- [Work instructions] If a line in the records below contains "Terreno", copy that line.

- [Records supplied]

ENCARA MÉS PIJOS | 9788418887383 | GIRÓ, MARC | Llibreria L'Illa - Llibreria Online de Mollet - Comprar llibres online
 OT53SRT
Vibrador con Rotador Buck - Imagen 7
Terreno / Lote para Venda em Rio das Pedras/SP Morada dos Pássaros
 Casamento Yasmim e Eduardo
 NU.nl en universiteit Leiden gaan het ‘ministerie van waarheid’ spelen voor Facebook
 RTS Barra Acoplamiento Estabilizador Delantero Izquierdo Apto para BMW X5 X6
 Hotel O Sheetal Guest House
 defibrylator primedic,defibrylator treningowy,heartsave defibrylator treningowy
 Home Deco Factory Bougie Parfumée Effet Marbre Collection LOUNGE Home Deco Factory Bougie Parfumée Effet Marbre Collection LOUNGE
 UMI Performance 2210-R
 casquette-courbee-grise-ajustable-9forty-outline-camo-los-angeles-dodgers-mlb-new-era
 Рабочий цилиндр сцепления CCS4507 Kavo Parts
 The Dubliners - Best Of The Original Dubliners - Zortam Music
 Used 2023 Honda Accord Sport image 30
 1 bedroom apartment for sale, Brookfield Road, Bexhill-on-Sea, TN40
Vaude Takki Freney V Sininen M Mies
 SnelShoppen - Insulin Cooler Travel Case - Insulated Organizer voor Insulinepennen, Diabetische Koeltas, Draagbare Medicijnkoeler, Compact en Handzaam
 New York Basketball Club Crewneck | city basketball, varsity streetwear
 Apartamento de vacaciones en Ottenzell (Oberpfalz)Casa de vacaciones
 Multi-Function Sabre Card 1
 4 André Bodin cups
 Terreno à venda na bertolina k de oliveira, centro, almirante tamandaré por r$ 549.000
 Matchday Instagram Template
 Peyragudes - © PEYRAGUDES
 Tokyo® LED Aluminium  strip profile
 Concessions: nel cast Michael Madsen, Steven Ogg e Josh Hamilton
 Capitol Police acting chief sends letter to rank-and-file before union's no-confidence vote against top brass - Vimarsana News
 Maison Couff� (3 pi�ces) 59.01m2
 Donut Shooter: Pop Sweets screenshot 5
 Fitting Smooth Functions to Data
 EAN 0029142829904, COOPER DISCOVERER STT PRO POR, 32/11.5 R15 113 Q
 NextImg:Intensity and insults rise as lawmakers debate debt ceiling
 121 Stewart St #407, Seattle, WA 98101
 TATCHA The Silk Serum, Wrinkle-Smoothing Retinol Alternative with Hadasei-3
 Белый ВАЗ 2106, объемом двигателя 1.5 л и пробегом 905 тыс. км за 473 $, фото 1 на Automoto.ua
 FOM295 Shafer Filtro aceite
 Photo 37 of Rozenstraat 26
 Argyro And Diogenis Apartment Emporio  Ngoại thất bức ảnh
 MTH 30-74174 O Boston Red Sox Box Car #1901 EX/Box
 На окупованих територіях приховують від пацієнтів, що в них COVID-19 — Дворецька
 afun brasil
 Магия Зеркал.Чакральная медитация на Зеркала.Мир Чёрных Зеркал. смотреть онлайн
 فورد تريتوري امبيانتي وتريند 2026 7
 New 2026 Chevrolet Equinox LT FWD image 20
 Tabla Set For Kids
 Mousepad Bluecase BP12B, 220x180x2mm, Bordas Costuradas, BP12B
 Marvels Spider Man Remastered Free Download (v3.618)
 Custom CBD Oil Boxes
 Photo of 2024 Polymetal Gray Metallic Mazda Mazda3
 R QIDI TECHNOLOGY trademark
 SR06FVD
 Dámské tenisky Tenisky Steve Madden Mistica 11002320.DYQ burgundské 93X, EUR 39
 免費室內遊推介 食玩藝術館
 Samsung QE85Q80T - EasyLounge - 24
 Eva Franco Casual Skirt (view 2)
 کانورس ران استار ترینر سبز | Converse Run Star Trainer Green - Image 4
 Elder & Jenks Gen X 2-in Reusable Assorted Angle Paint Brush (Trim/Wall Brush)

- [Task solution]
Terreno / Lote para Venda em Rio das Pedras/SP Morada dos Pássaros
 Terreno à venda na bertolina k de oliveira, centro, almirante tamandaré por r$ 549.000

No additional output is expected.